Merton died tragically early, electrocuted in Bangkok by an electric fan as he stepped out of a bath. Here are ten of his finest quotes:
1. The beginning of love is the will to let those we love be perfectly themselves, the resolution not to twist them to fit our own image.
2. Our job is to love others without stopping to inquire whether or not they are worthy. That is not our business and, in fact, it is nobody's business. What we are asked to do is to love, and this love itself will render both ourselves and our neighbours worthy.
3. Do not depend on the hope of results. You may have to face the fact that your work will be apparently worthless and even achieve no result at all, if not perhaps results opposite to what you expect. As you get used to this idea, you start more and more to concentrate not on the results, but on the value, the rightness, the truth of the work itself.
4. Instead of hating the people you think are war-makers, hate the appetites and disorder in your own soul, which are the causes of war. If you love peace, then hate injustice, hate tyranny, hate greed - but hate these things in yourself, not in another.
5. A man knows when he has found his vocation when he stops thinking about how to live and begins to live.
6. Life is this simple: we are living in a world that is absolutely transparent and the divine is shining through it all the time. This is not just a nice story or a fable, it is true.
7. Reason is in fact the path to faith, and faith takes over when reason can say no more.
8. Souls are like athletes, that need opponents worthy of them, if they are to be tried and extended and pushed to the full use of their powers, and rewarded according to their capacity.
9. The greatest need of our time is to clean out the enormous mass of mental and emotional rubbish that clutters our minds.

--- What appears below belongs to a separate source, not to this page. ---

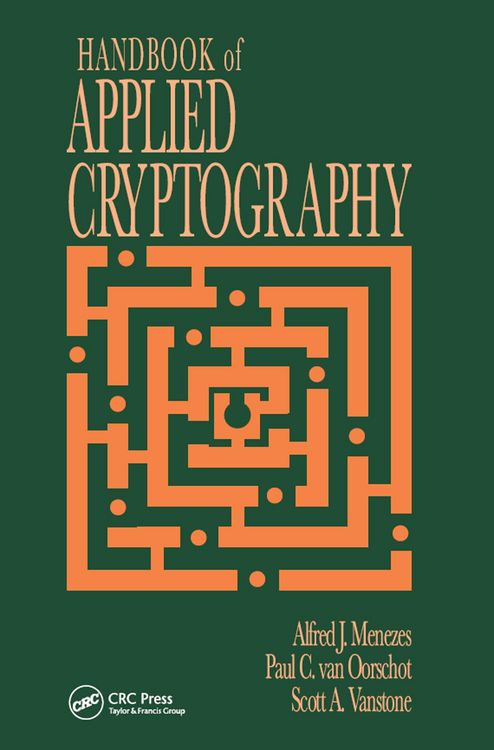Produktbild: Handbook of Applied Cryptography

10. Many poets are not poets for the same reason that many religious men are not saints: they never succeed in being themselves. They never get around to being the particular poet or the particular monk they are intended to be by God. They never become the man or the artist who is called for by all the circumstances of their individual lives. They waste their years in vain efforts to be some other poet, some other saint...They wear out their minds and bodies in a hopeless endeavor to have somebody else's experiences or write somebody else's poems.